Quel arsenal juridique pour les politiques répressives du gouvernement ?
Il n’y a pas en fait rien de nouveau avec cette manière dont l’État perçoit et traite les musulman·e·s sur son territoire. Cette perception et ce traitement sont hérités d’une vision colonialiste et raciste, et donc également sécuritaire, en percevant les musulman·e·s comme des étrangers·ères aux valeurs nationales (que le pouvoir et ses soutiens appellent République).
Il y a bien le Conseil français du culte musulman, mais il s’agit d’une instance cooptée par l’État et disposant d’une représentativité et d’une légitimité très faible parmi les musulman·e·.s.

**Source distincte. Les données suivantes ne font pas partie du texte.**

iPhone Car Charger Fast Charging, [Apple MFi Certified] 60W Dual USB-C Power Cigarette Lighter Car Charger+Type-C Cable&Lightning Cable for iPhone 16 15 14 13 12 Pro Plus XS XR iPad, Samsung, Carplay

La dynamique de l’islam de France est marquée majoritairement par un engagement indépendant de toute influence étatique locale et étrangère, à l’instar de la plateforme « Les Musulmans », qui rassemble toutes les associations et mosquées de France qui souhaitent travailler en commun.
Cette initiative d’ampleur nationale, réunissant des milliers d’acteurs et actrices de terrain et des centaines d’organisations, est née de la grande Consultation des musulmans de France, initiée par un groupe de travail en mai 2018. Cette plateforme collaborative tient à se préserver de tout centralisme et à cultiver une diversité, à l’image des différents courants qui traversent l’islam.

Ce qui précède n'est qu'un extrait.